→ COLLECTED MATERIAL
******
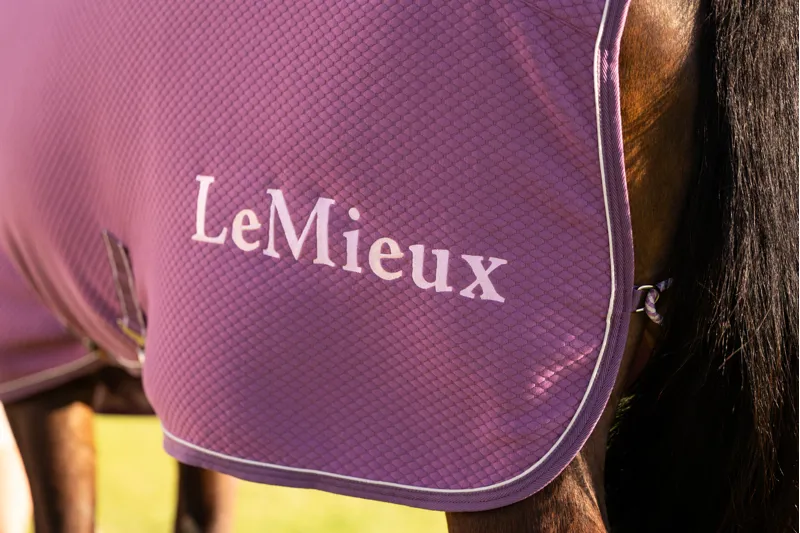 LeMieux Kudos Bamboo Cooler - Mallow-3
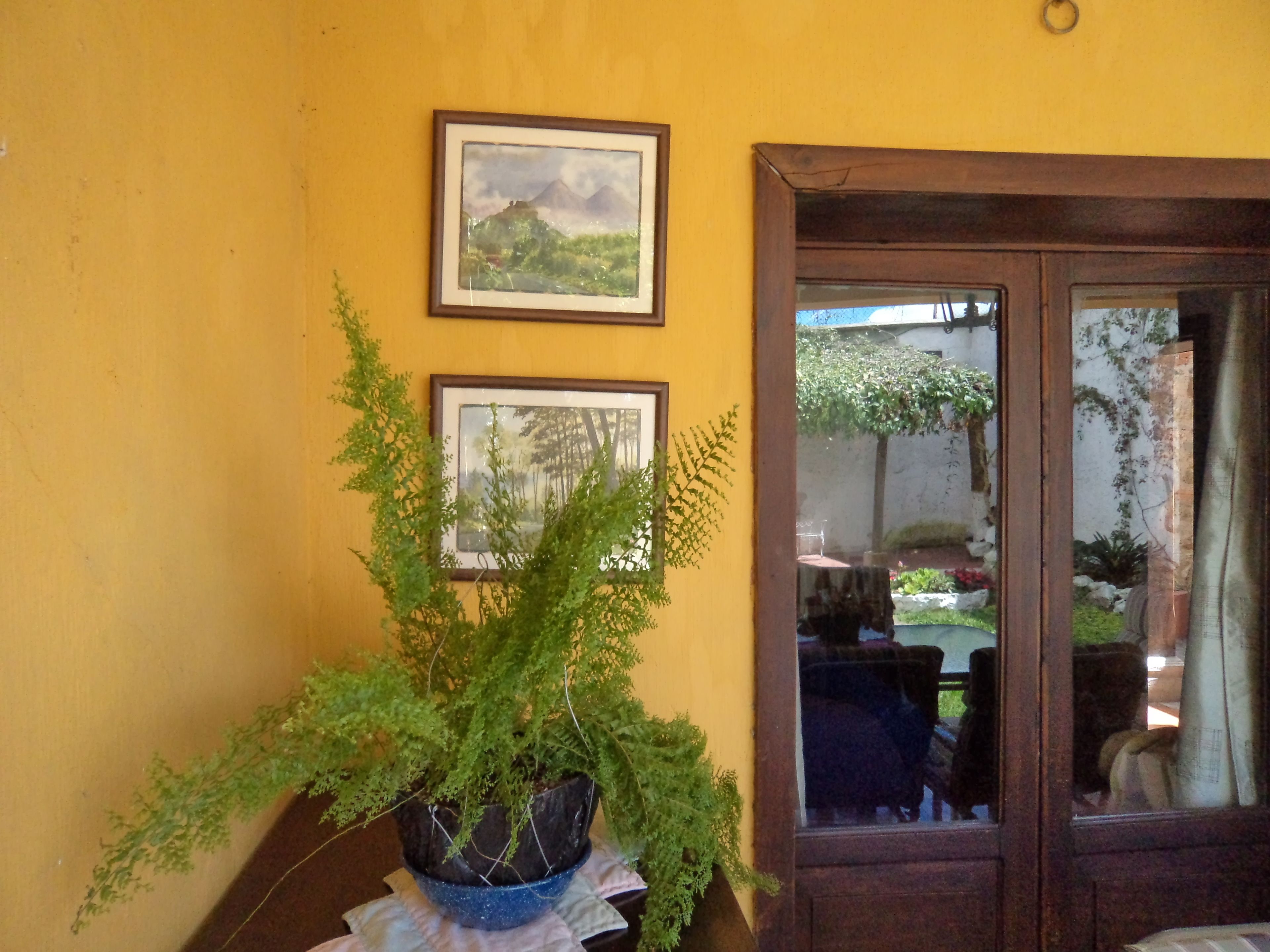 economy room, private external bathroom | view from room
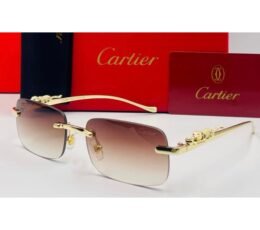 Cartier Multi Sunglasses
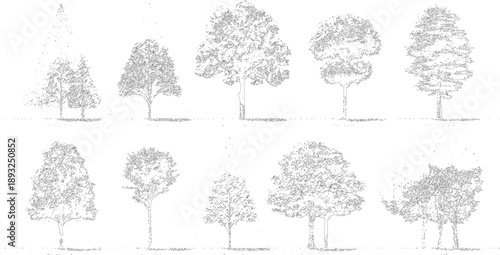 Ten different tree outlines with detailed foliage and trunks silhouette nature plant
******
→ EXERCISE PROMPT
Return to the listing above and set it down exactly, leaving out its pictures.

→ YOUR SOLUTION
 LeMieux Kudos Bamboo Cooler - Mallow-3
 economy room, private external bathroom | view from room
 Cartier Multi Sunglasses
 Ten different tree outlines with detailed foliage and trunks silhouette nature plant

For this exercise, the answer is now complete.